How I Came to Embrace My Transgender Parent

Adult human female anatomy diagram chartAt home insemination

I no longer celebrate Father’s Day with my parent. No, my biological father is very much alive, but they now identify as a woman. To clarify, the person responsible for my existence has transitioned and is now living as a woman. That means significant physical changes have taken place, including surgery and a new wardrobe that reflects her identity.

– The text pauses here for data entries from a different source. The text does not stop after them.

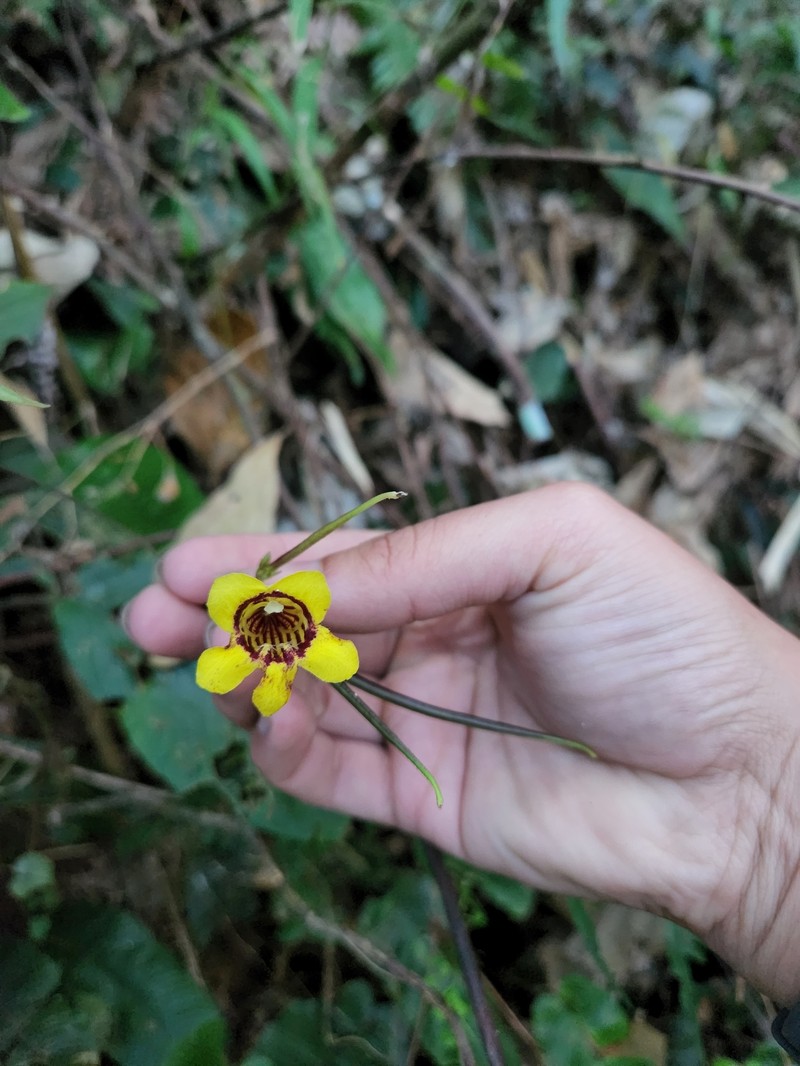Loxostigma dongxingensis photo 2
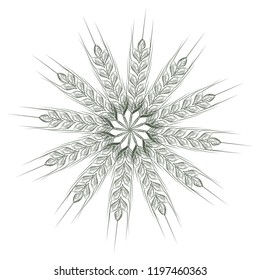 Wheat bread ears cereal crop sketch line art style. Geometrical circle vector illustration.
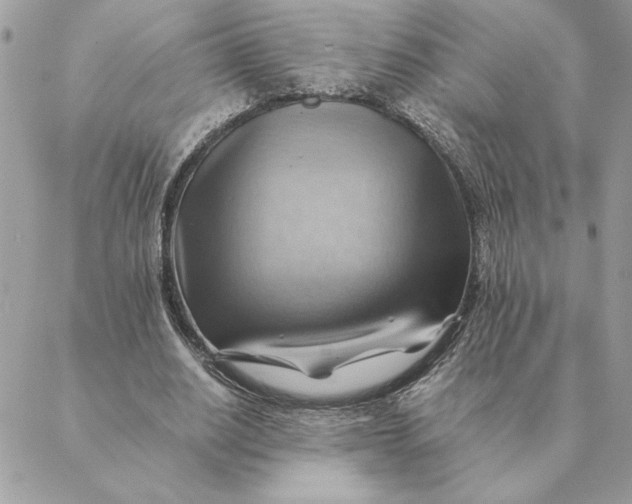 X0000088600630200706151802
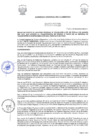 Vista preliminar de documento 3069568904764402911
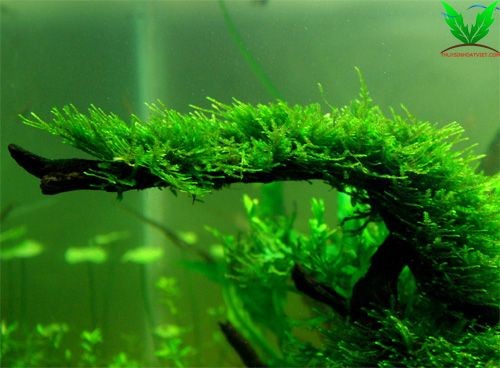 Rêu Christmas – Rêu X Mas dùng buộc lũa tạo bố cục hồ thủy sinh Rêu Christmas – Rêu X Mas dùng buộc lũa tạo bố cục hồ thủy sinh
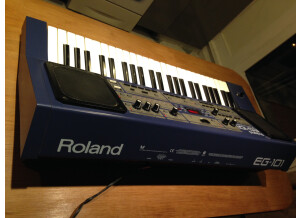 Roland EG-101 (25195)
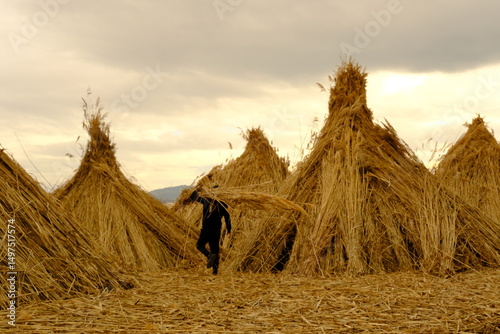 reedcraft, traditionalhandicraft, anatolianartisans, natureandlabor, handmadetraditions, 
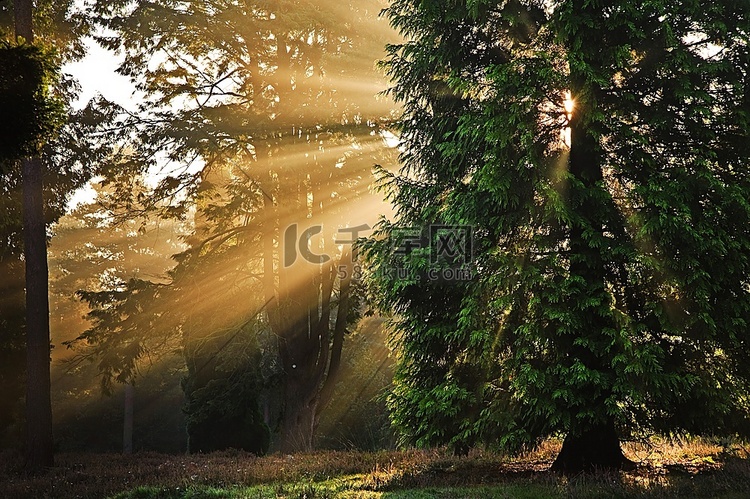 动机阳光通过树在秋天秋天森林在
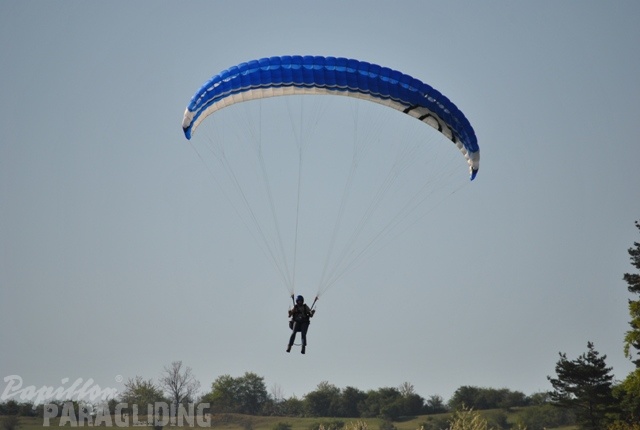 2011 RFB SPIELBERG Paragliding 096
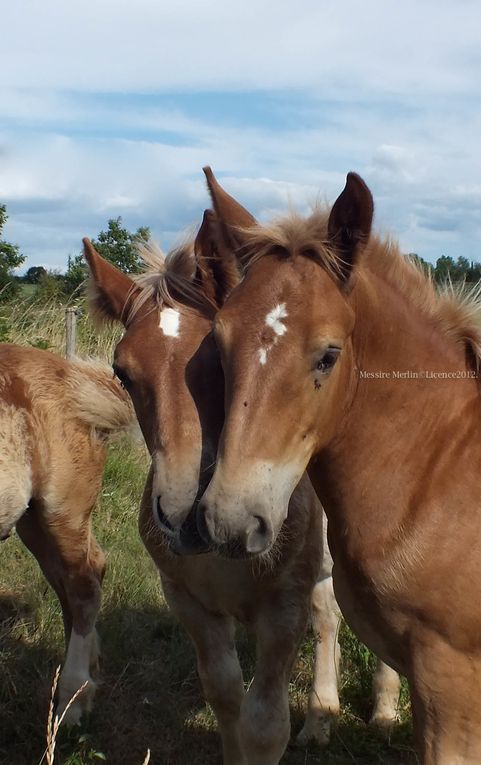 Album - Photos-anes--chevaux-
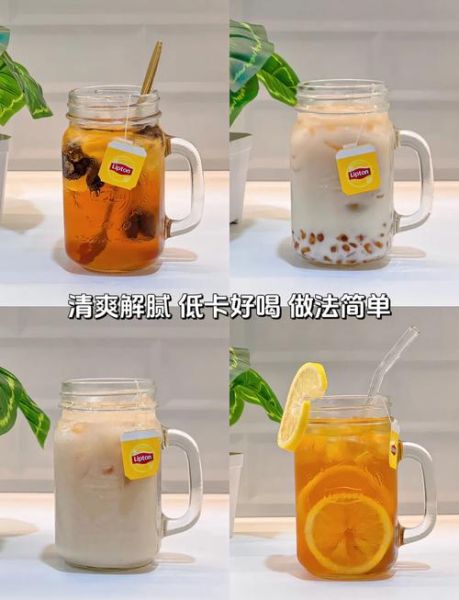 自制饮料的做法大全_健康饮品怎么做
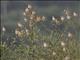 Red-billed Quelea (Quelea quelea)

I wish this revelation didn’t come as a shock to some. I aspire to live in a society where every individual is accepted for who they are, where transformations and personal expressions are met with understanding rather than judgment. However, I recognize that for many, this situation can be challenging to comprehend, especially if they haven’t encountered anything similar. Just as my father took years to understand and accept her true self, I too required time to fully embrace her transition.

I first learned about my father’s gender identity in my mid-twenties during a holiday gathering at my parents’ home with my husband. My father asked to speak with us privately, and a wave of worry washed over me. Was there news of illness? When we sat down, my father reached straight for the heart of the matter: “There’s a woman inside of me. I cross-dress sometimes to let her out.”

My reaction was one of utter shock. I had anticipated a serious health discussion, not this revelation. My husband stepped in, saying, “Richard, we love you no matter who you are.” Internally I shouted, “Exactly! What he said!” but outwardly, I asked if there were any pictures. My father, now Josephine, happily shared images, knowing my inquiry signaled acceptance.

Initially, I accepted Josephine’s new identity wholeheartedly, but I also grappled with feelings of loss. With the help of a therapist, I learned that grief and acceptance can coexist. While I mourned the father I had known, I also welcomed the new chapter with Josephine.

Josephine, an engineer, likened her transition to updating hardware and software: the exterior changes while the core remains the same. This analogy resonates, and I hope it fosters greater acceptance of transgender individuals like Josephine. Ultimately, we should judge people by their character, not their gender identity. Josephine is genuinely kind and loving.

It’s disheartening to see how some adults struggle with Josephine’s transition. I often avoid discussing it with friends for fear they won’t be understanding. Thankfully, children tend to be more open-minded. For instance, when my daughter was in preschool, she asked about my father. I explained, “My father was a man named Richard who felt like a woman inside. She is now Grandma Jo.” After considering my words, she said, “That’s sad. But I love Grandma Jo, and I’m happy to have her.” Even at four years old, she grasped the nuances of sadness and joy in our family’s transformation.

Josephine has embraced her identity and is genuinely happy, and I am happy for her. Just because I no longer have a father doesn’t mean I’ve lost a parent; I simply have a different kind of parent—a transgender parent.

Navigating how to celebrate Josephine can be tricky. It feels inappropriate to honor her on Father’s Day since she no longer identifies as a father, and Mother’s Day feels equally off. What I’ve learned is that I don’t need a specific holiday to celebrate my transgender parent. I can do this every day because, irrespective of her gender, she will always be my parent.

If you’re interested in learning more about personal stories and insights around family transformations, consider checking out other resources like this article on home insemination kits. Additionally, for expert advice on family planning and fertility, you may want to visit Dr. Emily Carter’s exciting news for appointments, who is an authority on this topic. For broader information on pregnancy, the CDC offers excellent resources.

In summary, my journey to embrace my transgender parent has been filled with both challenges and joy. Acceptance can coexist with feelings of loss, and every day provides an opportunity to celebrate the love and connection we share.